Apakah Sentinel benar-benar terdesentralisasi?
Chain mendasari terdesentralisasi: ia diamankan oleh set validator terbuka dan diatur on-chain oleh pemegang DVPN, dan siapa pun dapat menjalankan node untuk melayani bandwidth. Aplikasi front-end yang dibangun di atas Sentinel bervariasi dalam seberapa terdesentralisasi mereka, jadi pengguna yang-berfokus-privasi harus memilih klien open-source dan dompet swakelola.
Bagaimana Sentinel berbeda dari VPN tradisional seperti NordVPN atau ExpressVPN?
VPN tradisional merutekan traffic Anda melalui server yang dimiliki satu perusahaan, yang berarti Anda harus mempercayai kebijakan no-log dan yurisdiksi perusahaan itu. Sentinel mendistribusikan traffic di seluruh node yang-dioperasikan-independen dengan akuntabilitas on-chain, jadi tidak ada entitas tunggal yang memegang semua data pengguna atau dapat dimatikan secara sepihak.

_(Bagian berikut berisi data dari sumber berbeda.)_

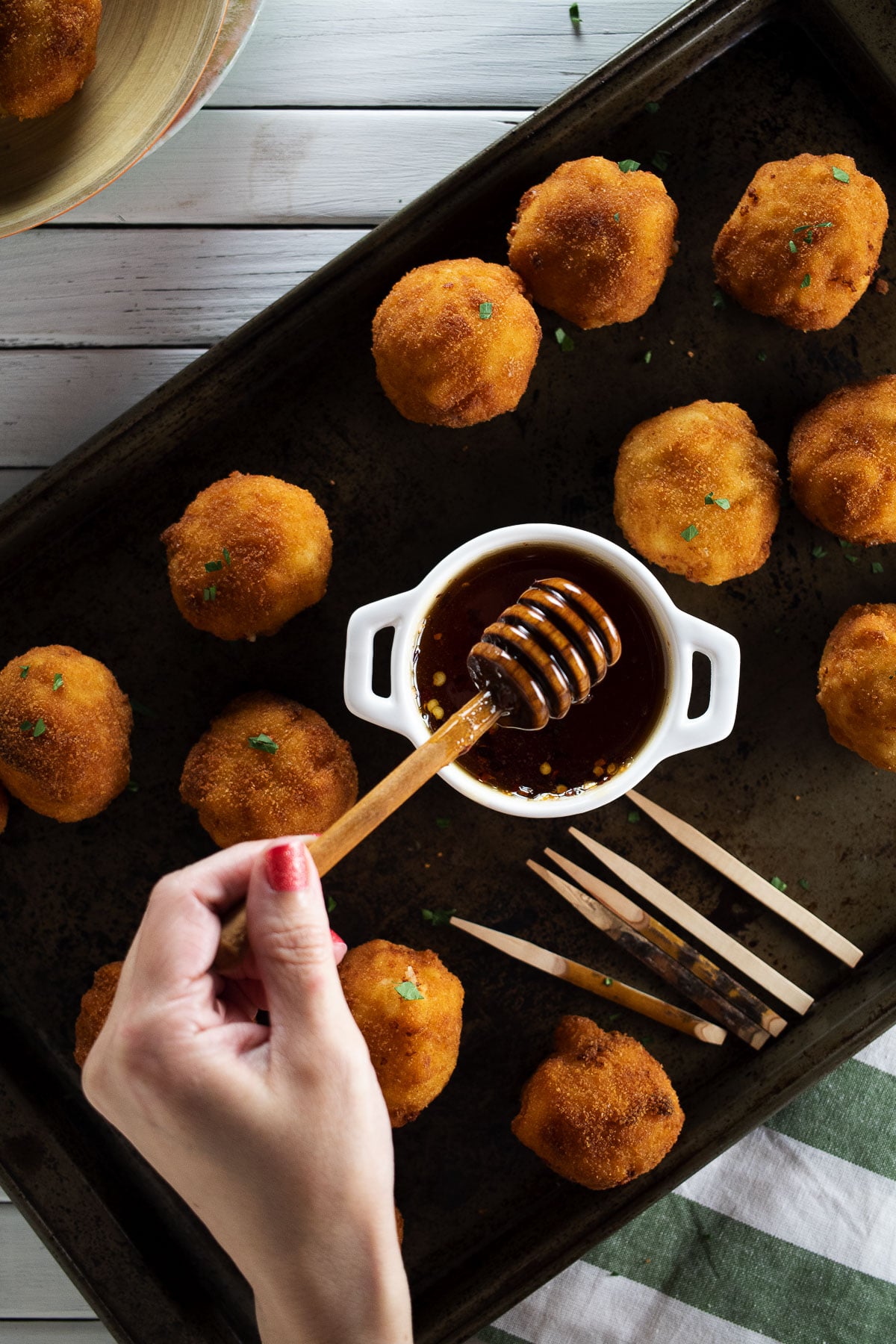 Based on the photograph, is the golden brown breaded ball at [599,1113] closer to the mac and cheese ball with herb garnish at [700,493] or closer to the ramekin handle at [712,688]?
the ramekin handle at [712,688]

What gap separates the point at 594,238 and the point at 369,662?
3.22 feet

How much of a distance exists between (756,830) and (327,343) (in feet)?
4.67

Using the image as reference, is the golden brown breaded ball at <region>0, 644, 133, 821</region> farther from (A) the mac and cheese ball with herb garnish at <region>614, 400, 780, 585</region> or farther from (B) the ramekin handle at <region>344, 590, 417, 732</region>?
(A) the mac and cheese ball with herb garnish at <region>614, 400, 780, 585</region>

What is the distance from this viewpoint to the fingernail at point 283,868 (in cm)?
171

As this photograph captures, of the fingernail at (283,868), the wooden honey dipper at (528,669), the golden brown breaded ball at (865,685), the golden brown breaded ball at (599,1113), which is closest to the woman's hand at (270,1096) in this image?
the fingernail at (283,868)

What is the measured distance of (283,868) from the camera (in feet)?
5.62

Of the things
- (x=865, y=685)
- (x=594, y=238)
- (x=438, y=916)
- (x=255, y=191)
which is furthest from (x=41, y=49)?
(x=865, y=685)

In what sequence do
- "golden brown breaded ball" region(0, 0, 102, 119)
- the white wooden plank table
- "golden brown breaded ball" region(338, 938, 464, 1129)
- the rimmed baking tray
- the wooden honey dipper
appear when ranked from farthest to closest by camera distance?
the white wooden plank table < the rimmed baking tray < "golden brown breaded ball" region(338, 938, 464, 1129) < the wooden honey dipper < "golden brown breaded ball" region(0, 0, 102, 119)

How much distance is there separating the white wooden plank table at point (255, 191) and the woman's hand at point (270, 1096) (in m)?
1.33

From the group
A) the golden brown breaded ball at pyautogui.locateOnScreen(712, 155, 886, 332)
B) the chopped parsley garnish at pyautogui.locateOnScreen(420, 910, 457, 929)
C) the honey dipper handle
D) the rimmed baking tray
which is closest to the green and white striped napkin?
the rimmed baking tray

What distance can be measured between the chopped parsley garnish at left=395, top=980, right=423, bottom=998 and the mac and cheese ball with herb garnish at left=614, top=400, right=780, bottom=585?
3.35 feet

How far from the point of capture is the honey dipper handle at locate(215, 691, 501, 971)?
179cm

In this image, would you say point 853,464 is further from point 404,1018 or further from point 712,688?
point 404,1018

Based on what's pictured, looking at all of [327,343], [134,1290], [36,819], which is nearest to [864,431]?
[327,343] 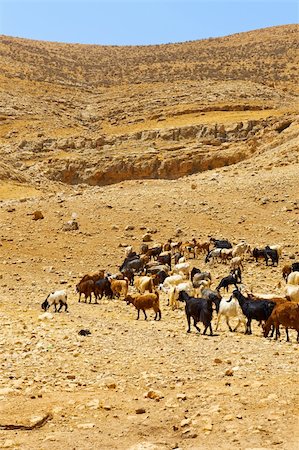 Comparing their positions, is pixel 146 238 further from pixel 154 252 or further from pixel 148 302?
pixel 148 302

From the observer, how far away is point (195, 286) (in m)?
17.1

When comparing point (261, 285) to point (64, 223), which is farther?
point (64, 223)

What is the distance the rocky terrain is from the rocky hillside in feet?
0.57

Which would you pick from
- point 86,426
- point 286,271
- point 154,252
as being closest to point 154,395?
point 86,426

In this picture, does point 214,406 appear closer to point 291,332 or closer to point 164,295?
point 291,332

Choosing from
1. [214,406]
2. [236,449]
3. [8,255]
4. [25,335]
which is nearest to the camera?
[236,449]

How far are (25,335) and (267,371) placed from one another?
4602mm

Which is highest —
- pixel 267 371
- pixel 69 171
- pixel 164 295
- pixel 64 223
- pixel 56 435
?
pixel 69 171

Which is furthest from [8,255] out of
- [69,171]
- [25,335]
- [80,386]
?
[69,171]

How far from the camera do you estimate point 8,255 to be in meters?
21.2

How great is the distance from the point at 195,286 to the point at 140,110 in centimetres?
3920

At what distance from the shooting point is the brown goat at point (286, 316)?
37.3 feet

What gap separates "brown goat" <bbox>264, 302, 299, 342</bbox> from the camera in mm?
11383

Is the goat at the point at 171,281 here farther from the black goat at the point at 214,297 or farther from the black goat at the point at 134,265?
the black goat at the point at 134,265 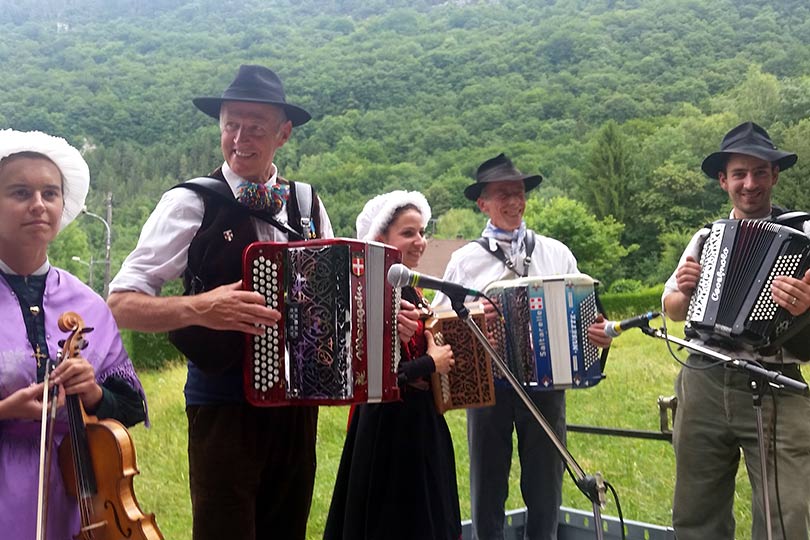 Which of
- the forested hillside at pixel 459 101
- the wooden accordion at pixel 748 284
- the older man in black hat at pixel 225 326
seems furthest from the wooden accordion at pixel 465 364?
the forested hillside at pixel 459 101

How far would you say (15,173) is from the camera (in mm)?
2414

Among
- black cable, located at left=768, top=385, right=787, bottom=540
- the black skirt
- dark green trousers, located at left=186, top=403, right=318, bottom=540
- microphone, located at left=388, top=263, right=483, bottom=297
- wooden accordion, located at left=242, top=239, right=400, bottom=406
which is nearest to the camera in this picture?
microphone, located at left=388, top=263, right=483, bottom=297

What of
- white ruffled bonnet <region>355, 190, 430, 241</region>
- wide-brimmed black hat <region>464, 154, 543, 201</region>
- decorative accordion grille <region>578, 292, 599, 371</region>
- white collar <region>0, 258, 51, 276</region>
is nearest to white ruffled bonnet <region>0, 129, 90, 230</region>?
white collar <region>0, 258, 51, 276</region>

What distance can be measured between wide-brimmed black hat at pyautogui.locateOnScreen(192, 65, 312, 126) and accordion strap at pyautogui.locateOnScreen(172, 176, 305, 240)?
363mm

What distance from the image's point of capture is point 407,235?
3.82 metres

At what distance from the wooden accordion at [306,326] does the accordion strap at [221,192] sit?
1.05ft

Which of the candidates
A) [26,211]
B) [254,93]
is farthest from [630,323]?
[26,211]

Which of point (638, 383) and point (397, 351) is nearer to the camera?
point (397, 351)

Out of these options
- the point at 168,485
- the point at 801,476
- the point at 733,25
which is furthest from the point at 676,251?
the point at 801,476

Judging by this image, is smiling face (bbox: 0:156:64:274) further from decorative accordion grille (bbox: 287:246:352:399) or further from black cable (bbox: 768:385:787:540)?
black cable (bbox: 768:385:787:540)

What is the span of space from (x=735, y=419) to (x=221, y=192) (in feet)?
8.45

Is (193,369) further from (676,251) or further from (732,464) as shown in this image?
(676,251)

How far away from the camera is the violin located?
2.16m

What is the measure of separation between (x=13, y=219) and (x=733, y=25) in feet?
248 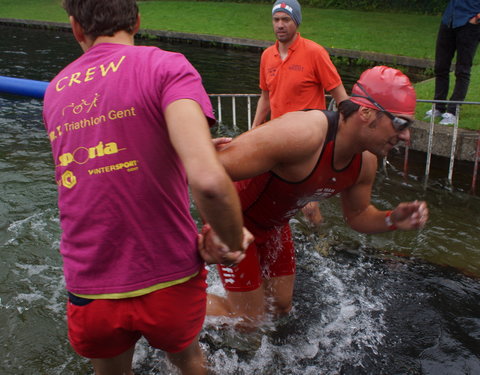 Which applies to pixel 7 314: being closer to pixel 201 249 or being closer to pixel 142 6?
pixel 201 249

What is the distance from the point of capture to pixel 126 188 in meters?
1.91

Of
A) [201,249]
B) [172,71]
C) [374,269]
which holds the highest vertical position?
[172,71]

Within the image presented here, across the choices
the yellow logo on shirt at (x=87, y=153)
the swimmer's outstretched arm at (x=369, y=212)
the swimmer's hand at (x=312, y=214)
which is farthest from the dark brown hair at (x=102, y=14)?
the swimmer's hand at (x=312, y=214)

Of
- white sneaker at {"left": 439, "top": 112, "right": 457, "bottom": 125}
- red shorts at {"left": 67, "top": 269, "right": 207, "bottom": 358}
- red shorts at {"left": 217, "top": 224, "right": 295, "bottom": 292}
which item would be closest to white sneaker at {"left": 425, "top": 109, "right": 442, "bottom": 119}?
white sneaker at {"left": 439, "top": 112, "right": 457, "bottom": 125}

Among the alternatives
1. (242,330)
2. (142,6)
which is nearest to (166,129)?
(242,330)

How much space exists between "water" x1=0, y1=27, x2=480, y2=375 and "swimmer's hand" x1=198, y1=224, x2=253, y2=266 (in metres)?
1.78

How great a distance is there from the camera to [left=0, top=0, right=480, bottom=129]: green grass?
Result: 1703 cm

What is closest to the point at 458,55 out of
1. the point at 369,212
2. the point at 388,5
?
the point at 369,212

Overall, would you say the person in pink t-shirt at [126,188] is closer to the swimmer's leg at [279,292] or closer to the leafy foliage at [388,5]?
the swimmer's leg at [279,292]

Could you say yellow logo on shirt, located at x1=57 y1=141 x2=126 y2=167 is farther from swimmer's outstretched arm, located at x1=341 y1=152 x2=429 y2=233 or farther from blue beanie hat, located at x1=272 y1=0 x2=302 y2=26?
blue beanie hat, located at x1=272 y1=0 x2=302 y2=26

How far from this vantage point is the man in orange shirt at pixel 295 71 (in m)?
5.33

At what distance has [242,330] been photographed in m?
3.89

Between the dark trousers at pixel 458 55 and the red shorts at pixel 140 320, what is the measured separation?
21.8 feet

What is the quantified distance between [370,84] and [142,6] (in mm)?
30715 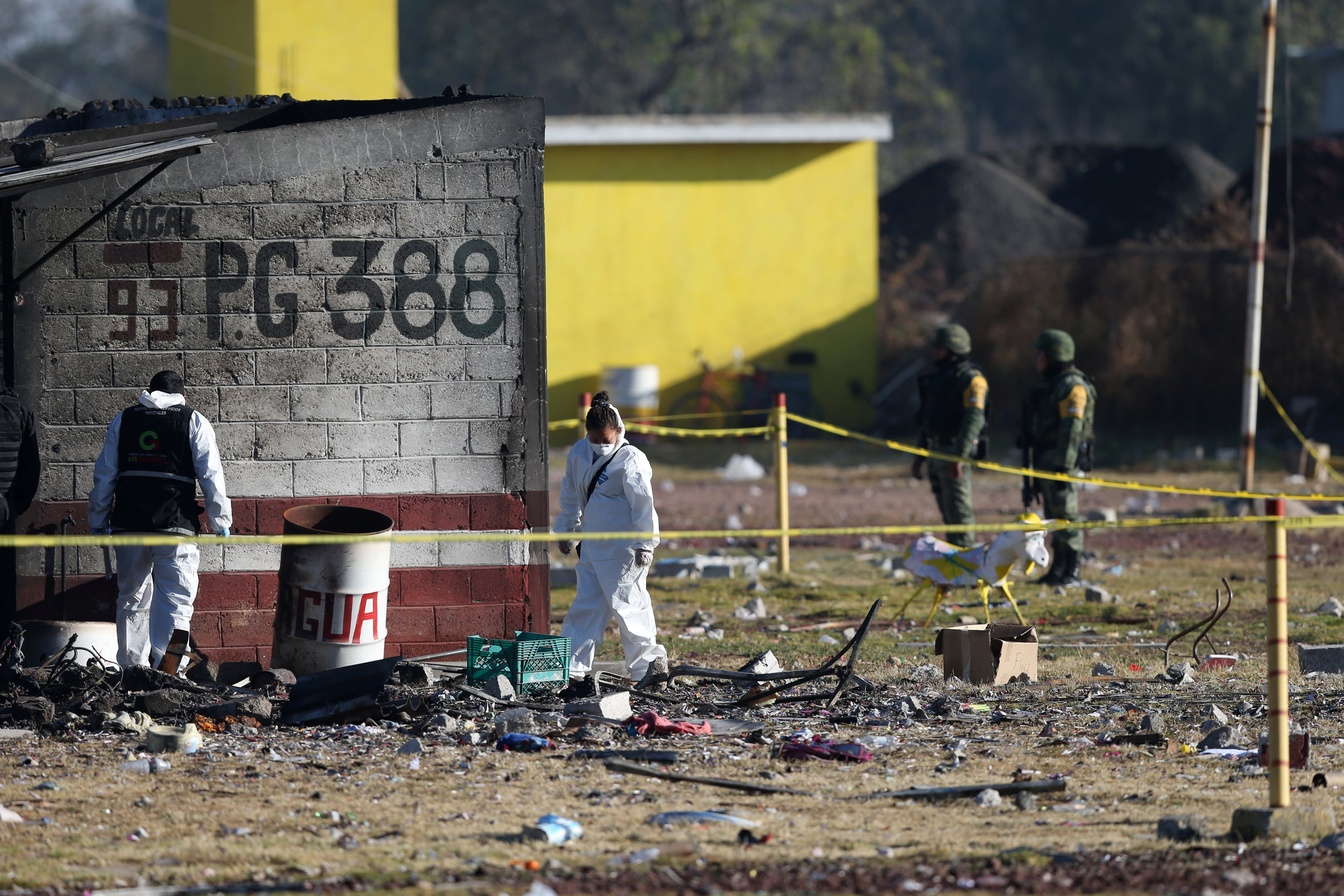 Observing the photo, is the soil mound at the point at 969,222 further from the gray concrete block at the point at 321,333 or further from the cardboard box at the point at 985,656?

Di mana saya dapat menyimpan DVPN dengan aman?
Opsi yang direkomendasikan adalah Keplr, ekstensi browser dan dompet seluler native-Cosmos yang mendukung DVPN secara native dan membiarkan Anda stake langsung. Cosmostation dan Ledger (via integrasi Keplr) juga pilihan solid, terutama jika Anda menginginkan perlindungan tingkat-hardware untuk kepemilikan lebih besar.
Bisakah saya menggunakan dVPN Sentinel tanpa memegang token DVPN?
Beberapa aplikasi front-end yang-digerakkan-Sentinel menerima fiat atau mata uang kripto lain dan menangani konversi DVPN di backend, jadi pengguna akhir tidak secara ketat perlu mengelola token sendiri. Namun, berinteraksi langsung dengan protokol — seperti menjalankan node atau membayar per-gigabyte pada biaya terendah — memang memerlukan DVPN.
Peringatan Risiko
Harga cryptocurrency sangat bergejolak dan dapat berubah dengan cepat. Informasi di situs ini disediakan hanya untuk tujuan informasi dan bukan merupakan nasihat finansial, investasi, atau trading.